--- Exercise ---
Full transcription, minus images: write out the listing below exactly as it appears.

--- Supplied data ---
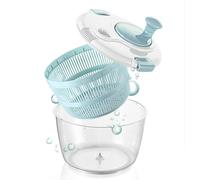Salad Spinner, Manual Vegetable Fruit Washer, 5L Kitchen Dewatering Bowl, Large Capacity Salad Dryer for Lettuce, Spinach, Cabbage, Meal Prep, Healthy Cooking at Home, Food Truck, Picnic, Outdoor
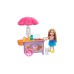Set Doll Barbie Club Chelsea & Snack Cart (ghv76)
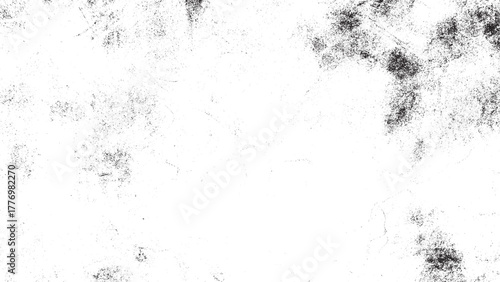Gritty Black Dust and Scratches Abstract Texture Overlay on White Background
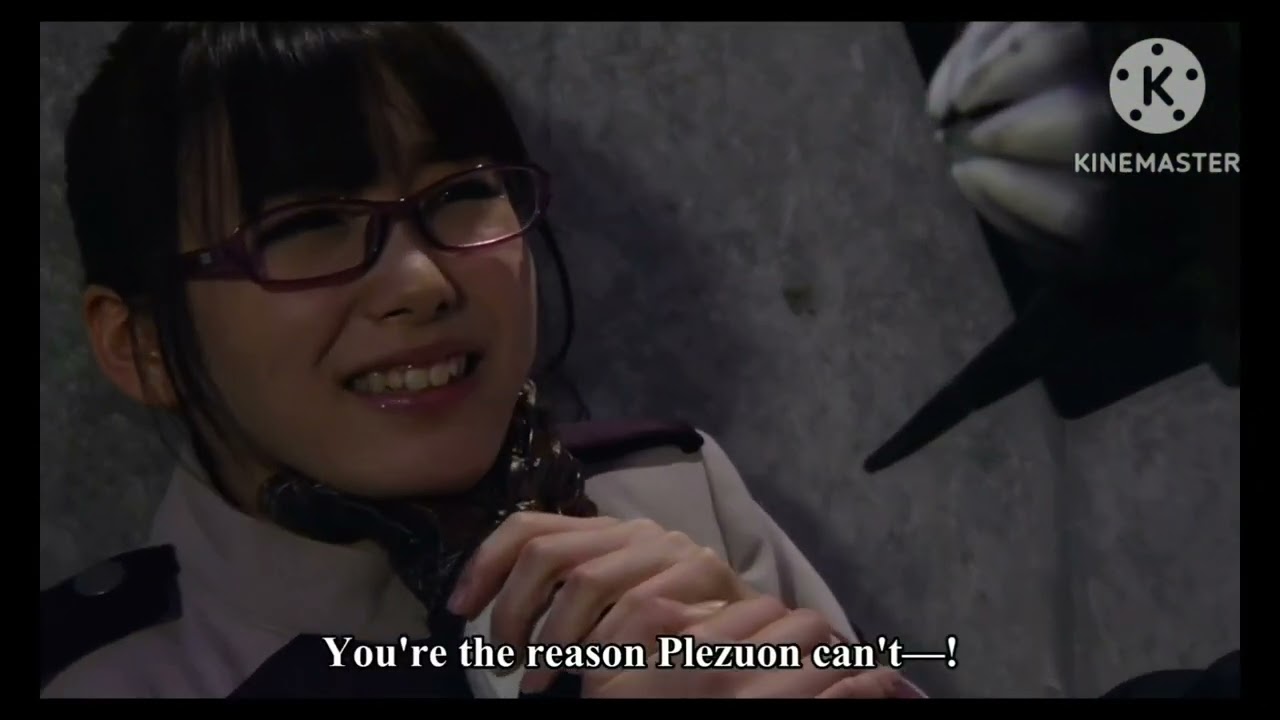 獣電戦隊キョウリュウジャーエイミーと弥生のヒロインピンチ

--- The answer ---
Salad Spinner, Manual Vegetable Fruit Washer, 5L Kitchen Dewatering Bowl, Large Capacity Salad Dryer for Lettuce, Spinach, Cabbage, Meal Prep, Healthy Cooking at Home, Food Truck, Picnic, Outdoor
Set Doll Barbie Club Chelsea & Snack Cart (ghv76)
Gritty Black Dust and Scratches Abstract Texture Overlay on White Background
 獣電戦隊キョウリュウジャーエイミーと弥生のヒロインピンチ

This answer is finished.